Trabalho vencedor do 1º Concurso de Trabalhos Originais GICFinho 2017
por: Karen Mira (Estudante Pós-Graduada, Instituto Superior de Ciências da Saúde Egas Moniz, Monte de Caparica)
por: Karen Mira (Estudante Pós-Graduada, Instituto Superior de Ciências da Saúde Egas Moniz, Monte de Caparica)
Abstract:
For many years insects were ignored in the field of forensic investigation but, with the development of the study of ecology and entomology, this group has become important for the estimation of postmortem interval (PMI). The science of studying arthropods and insects in criminal investigations is called Forensic Entomology. Insects are usually associated with the body after death because it is their natural tendency to colonize it, whether the corpse is inside a dwelling or in an open space. They play a very important role in the decomposition of organic matter, which makes them a potential source of evidence in cases of homicide or suspicious death. From soon after death, insects are attracted by a decaying body due to gases released by bacterial activity. Necrophagous flies, particularly blowflies (Diptera: Calliphoridae) are the first arrivals. As primary colonizers, they are the most relevant group with which to estimate the post mortem interval. However, the insects’ behaviour can be affected by ingested drugs or toxins present in the body. Entomotoxicology is a relatively new area of Forensic Entomology, which covers the analysis and identification of xenobiotics, especially in necrophagous diptera larvae. This science observes the effects of these toxic substances on the development of insects, which can lead to a discrepancy in the calculation of the PMI. This study aimed to observe the changes that caffeine causes in blowflies, particularly in oviposition and survival, and the results obtained showed that this toxin has effects on the larval stages, accelerating the development of the animals. Once the flies emerged, this toxin also has an effect on the flies, decreasing their longevity.
Keywords: Forensic entomology, Decomposition process, Calliphoridae, Blowfly life-cycle, Oviposition, Caffeine
1. Introduction
1.1. Forensic entomology
Forensic entomology is the science of studying insects and other arthropods (LeBlanc
and Logan, 2010), by collecting and analysing them in a forensic context.
Much information can be extracted from these insects. Sharma et al., (2015) suggests
the importance of having the knowledge about their biology, behaviour and distribution
because it can answer several questions providing information on where, when and how
the crime was committed. The main aim of forensic entomology is to establish the
postmortem interval (PMI) being a valid method to support chemical analysis or helping
police investigations (Turchetto and Vanin, 2004). Anderson and Van Laerhoven (1996)
defined postmortem interval of a body as being the time since death occurred until it is
discovered.
Klotzbach et al., (2004) stated the importance of collecting living insects from the corpse
in order to study their development under laboratory conditions.

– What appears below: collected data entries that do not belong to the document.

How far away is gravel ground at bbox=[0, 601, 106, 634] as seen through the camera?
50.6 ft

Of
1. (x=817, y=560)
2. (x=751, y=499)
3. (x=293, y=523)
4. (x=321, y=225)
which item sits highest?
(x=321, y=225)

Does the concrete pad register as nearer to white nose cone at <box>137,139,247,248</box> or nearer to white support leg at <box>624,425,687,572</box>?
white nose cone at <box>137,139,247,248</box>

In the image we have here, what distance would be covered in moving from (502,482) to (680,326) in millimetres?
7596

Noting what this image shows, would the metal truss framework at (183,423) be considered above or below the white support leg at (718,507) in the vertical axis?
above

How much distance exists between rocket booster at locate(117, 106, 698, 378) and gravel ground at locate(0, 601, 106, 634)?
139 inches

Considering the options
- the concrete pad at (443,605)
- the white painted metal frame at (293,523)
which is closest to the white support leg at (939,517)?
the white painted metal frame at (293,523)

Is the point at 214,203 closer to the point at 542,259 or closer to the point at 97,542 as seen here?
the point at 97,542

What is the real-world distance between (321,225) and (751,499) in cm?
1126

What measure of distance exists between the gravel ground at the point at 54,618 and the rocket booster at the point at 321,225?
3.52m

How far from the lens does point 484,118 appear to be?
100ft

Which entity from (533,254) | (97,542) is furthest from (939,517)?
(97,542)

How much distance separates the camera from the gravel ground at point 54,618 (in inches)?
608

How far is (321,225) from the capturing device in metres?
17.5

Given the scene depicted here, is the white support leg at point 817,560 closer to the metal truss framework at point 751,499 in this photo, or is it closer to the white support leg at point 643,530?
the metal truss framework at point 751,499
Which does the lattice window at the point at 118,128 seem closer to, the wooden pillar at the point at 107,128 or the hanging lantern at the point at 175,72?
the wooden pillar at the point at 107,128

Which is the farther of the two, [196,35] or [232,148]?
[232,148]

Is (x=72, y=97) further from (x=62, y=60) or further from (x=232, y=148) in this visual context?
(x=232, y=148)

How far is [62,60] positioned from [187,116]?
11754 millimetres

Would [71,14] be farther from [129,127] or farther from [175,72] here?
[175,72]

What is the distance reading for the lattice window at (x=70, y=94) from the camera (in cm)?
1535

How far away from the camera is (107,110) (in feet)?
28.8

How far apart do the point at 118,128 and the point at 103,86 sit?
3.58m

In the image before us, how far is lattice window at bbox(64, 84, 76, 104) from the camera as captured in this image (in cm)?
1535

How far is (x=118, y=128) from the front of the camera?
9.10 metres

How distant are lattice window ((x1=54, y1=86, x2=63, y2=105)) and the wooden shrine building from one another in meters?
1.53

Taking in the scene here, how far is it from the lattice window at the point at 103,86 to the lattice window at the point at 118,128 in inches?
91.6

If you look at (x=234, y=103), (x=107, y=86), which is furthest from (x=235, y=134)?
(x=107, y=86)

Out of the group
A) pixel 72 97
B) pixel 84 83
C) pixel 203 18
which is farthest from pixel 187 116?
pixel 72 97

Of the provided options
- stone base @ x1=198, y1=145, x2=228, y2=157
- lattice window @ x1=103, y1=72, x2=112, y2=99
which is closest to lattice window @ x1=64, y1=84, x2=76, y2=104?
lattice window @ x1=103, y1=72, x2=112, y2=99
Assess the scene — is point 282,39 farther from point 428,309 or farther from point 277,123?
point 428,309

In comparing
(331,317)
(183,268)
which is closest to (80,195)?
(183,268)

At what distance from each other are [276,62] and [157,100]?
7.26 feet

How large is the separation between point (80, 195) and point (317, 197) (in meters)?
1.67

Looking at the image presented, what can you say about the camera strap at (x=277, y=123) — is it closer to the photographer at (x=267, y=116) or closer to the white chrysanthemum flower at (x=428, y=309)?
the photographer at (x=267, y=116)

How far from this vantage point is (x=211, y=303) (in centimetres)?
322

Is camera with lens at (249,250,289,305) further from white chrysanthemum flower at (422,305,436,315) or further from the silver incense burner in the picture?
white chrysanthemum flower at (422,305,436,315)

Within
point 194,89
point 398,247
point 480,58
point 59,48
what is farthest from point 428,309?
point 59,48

According to Kashyap
and Pillai (1989) analysing the corpse insects is the best and most accurate method to
determine the PMI, when investigated up to 3 days from the moment of death.
1.2. Decomposition process
As soon as death occurs, all the cells become deprived of oxygen. The chemical
reactions inside the cells accumulate and they start dying by self-destruction in a
process called autolysis. Decomposition initiates when the interior enzymes start to
digest dead cell membranes and tissues (Costandi, 2015).

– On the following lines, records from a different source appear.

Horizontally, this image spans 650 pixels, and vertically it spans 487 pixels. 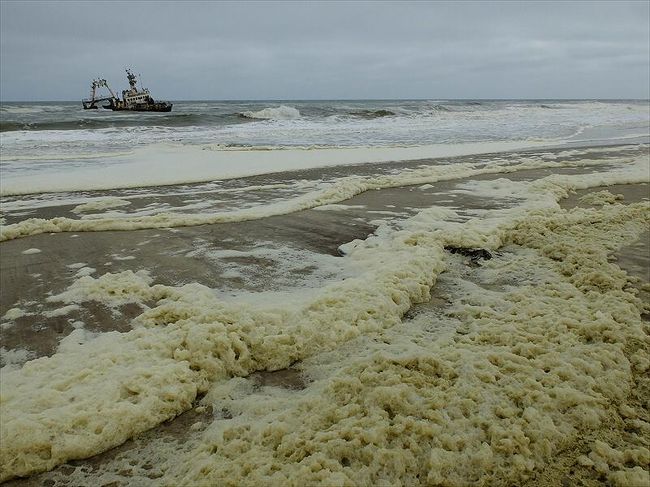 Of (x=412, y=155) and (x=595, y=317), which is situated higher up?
(x=412, y=155)

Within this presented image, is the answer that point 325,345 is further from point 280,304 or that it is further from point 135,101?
point 135,101

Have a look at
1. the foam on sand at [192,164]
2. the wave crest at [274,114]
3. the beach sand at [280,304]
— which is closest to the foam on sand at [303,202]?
the beach sand at [280,304]

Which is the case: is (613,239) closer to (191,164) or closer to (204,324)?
(204,324)

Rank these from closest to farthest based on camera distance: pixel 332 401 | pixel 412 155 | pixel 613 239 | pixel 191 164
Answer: pixel 332 401 → pixel 613 239 → pixel 191 164 → pixel 412 155

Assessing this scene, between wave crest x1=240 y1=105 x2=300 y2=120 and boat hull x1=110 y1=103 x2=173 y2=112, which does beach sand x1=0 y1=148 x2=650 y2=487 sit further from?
boat hull x1=110 y1=103 x2=173 y2=112

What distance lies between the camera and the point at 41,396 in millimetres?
2566

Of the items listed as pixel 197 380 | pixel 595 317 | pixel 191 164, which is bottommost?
pixel 197 380

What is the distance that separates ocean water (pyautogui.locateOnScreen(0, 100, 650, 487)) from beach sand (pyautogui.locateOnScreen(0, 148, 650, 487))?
0.01m

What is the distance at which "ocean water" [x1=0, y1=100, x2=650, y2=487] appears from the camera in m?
2.19

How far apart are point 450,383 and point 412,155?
12.2 m

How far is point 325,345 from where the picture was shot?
10.4ft

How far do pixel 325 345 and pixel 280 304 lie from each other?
62 cm

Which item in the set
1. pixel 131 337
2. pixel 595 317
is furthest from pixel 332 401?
pixel 595 317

The decomposition process occurs in distinctive phases. Wolff et al., (2001) studied the
changes on pigs exposed carrion during the decay process and separated it into five
different stages: fresh stage (1-2 days), bloated stage (2-6 days), decay stage (7-12
days), post-decay stage (13-23 days) and dry stage (24 or more days). The fresh stage
starts when death occurs until the bloating of the corpse is observed. No external
alterations are noted. Even without any odour obvious to humans, the chemicals
released during autolysis attract insects. The bloated stage is considered to be the
principal component of decomposition. Due to the production of gases by anaerobic
bacteria activity the corpse becomes bloated raising the internal temperature.
Calliphoridae are intensely attracted to the corpse during this stage. The decay stage begins when the abdominal wall is penetrated allowing the gases to escape, what
causes the corpse to deflate and lose the bloating characteristic. In this phase the
temperature of the corpse increases due to the formation of maggot masses which also
increases the odour. The post-decay stage initiates when most insects abandon the
body leaving the bones, some tissue and hair. Finally the dry stage is only characterized
by bones and all remaining tissues dried (Tullies and Goff, 1987).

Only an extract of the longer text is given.